Oord denies that God has a localized body, which would limit divine action to just one part of spacetime. Instead, Oord affirms God’s omnipresence as a way of establishing that the “amipotent God has maximal power,” because, unlike creatures, “the Spirit influences all creation at all times.” (pp.138-39). So, if we ask Oord, where is God’s material aspect? Presumably he would say, “Everywhere!” Oord says he affirms divine incorporeality (p.130) and that “[c]laims about divine embodied action are metaphors” (p.136). However, the main (perhaps only) metaphysical difference between God and creatures seems to be one of scope—God’s spirit is universal, whereas creatures are always localized (p.138). So, although Oord clearly denies that God has a localized body, I take it he would affirm that God has a universal, unlimited body (God’s material aspect), which we also refer to as ‘creation’ or ‘the universe.’ If the entire and eternal universe is the material aspect of God, and if God is the “Loving Mind of the Universe,” then it seems that, for Oord, God is the world-soul.

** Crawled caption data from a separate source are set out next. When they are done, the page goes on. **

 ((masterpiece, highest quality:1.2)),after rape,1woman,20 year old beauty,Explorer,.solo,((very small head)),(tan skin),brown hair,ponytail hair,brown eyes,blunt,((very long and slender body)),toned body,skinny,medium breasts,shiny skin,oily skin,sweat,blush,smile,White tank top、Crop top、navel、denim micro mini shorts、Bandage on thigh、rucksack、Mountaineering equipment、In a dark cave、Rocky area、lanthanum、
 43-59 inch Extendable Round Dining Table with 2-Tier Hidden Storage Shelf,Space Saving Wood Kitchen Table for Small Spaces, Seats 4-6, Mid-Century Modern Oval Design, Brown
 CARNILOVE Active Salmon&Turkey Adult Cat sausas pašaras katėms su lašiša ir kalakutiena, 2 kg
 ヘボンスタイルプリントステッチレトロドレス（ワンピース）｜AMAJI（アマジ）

Would the idea that God is the world-soul be a problem for Oord? I’m not entirely sure. However, it is worth spelling out some of the implications of the world-soul idea for Oord’s primary areas of concern; love and the problem of evil.

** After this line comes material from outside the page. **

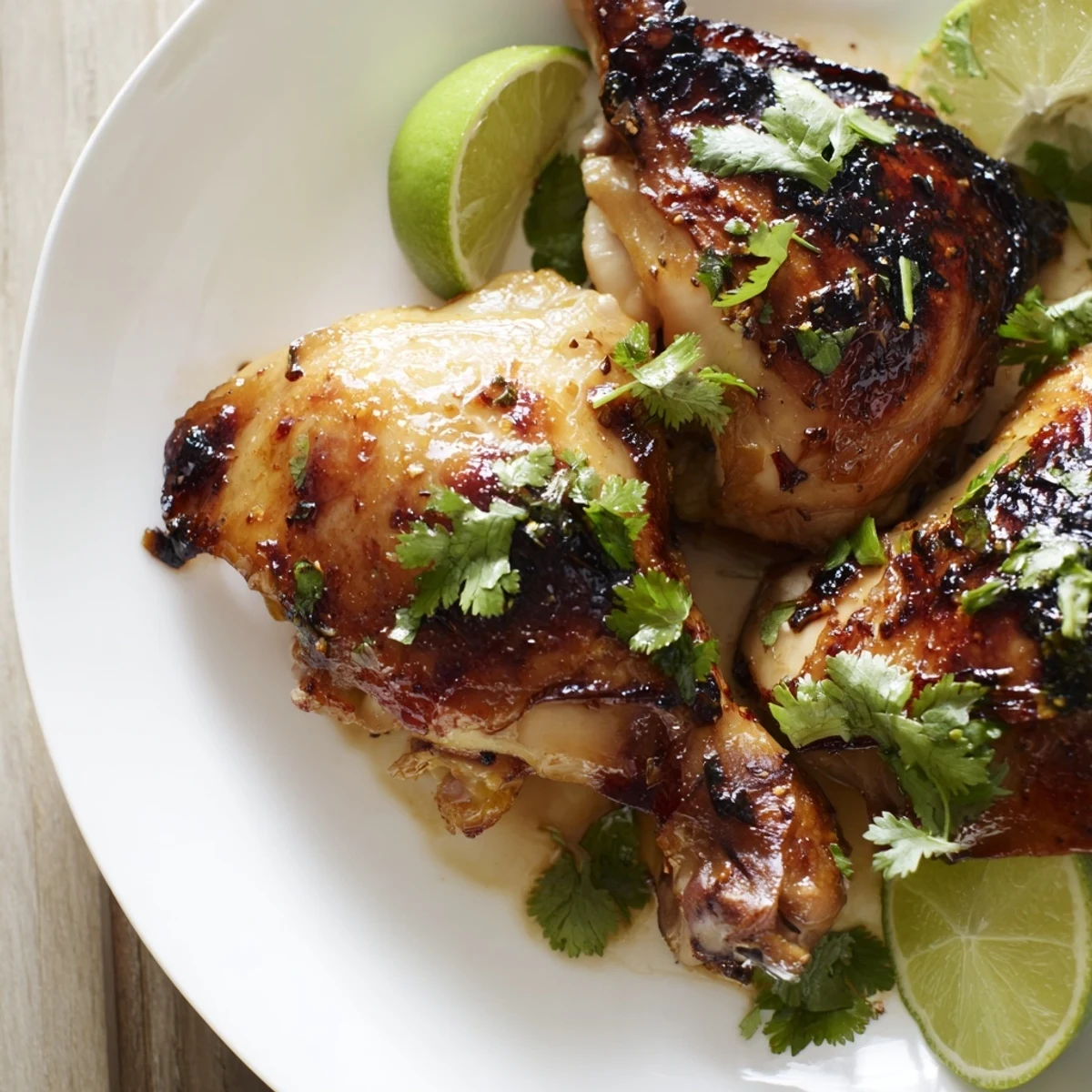 Baked Ina Garten Indonesian Chicken thighs drumsticks with turmeric spiced coating served family style with citrus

Oord defines love as acting with intentionality, in relation to others, to promote flourishing (p.122). As Oord goes on to say, “It’s a metaphysical impossibility that God would love in absolute isolation; the Maker always makes love recipients.” (p.126) If God is the world-soul, then it is not clear that there are other recipients apart from God for God to love. The recipients of God’s love are parts, or individuated sub-sections, of God’s own being. So, when God loves us, God is also loving Godself. This subtly changes Oord’s conception of love, but it might also be thought to strengthen Oord’s claim that God has to love creation (p.126). For the world-soul God to will the flourishing of creatures, is also to will God’s own flourishing—the two are intimately connected. So, Oord might not consider this to be too serious of a problem. It depends on how much his view of love requires the recipients of love to be distinct from the lover. In Christian theology, the love within the Trinity might be taken to suggest that ontological otherness is, in fact, not necessary for genuine love.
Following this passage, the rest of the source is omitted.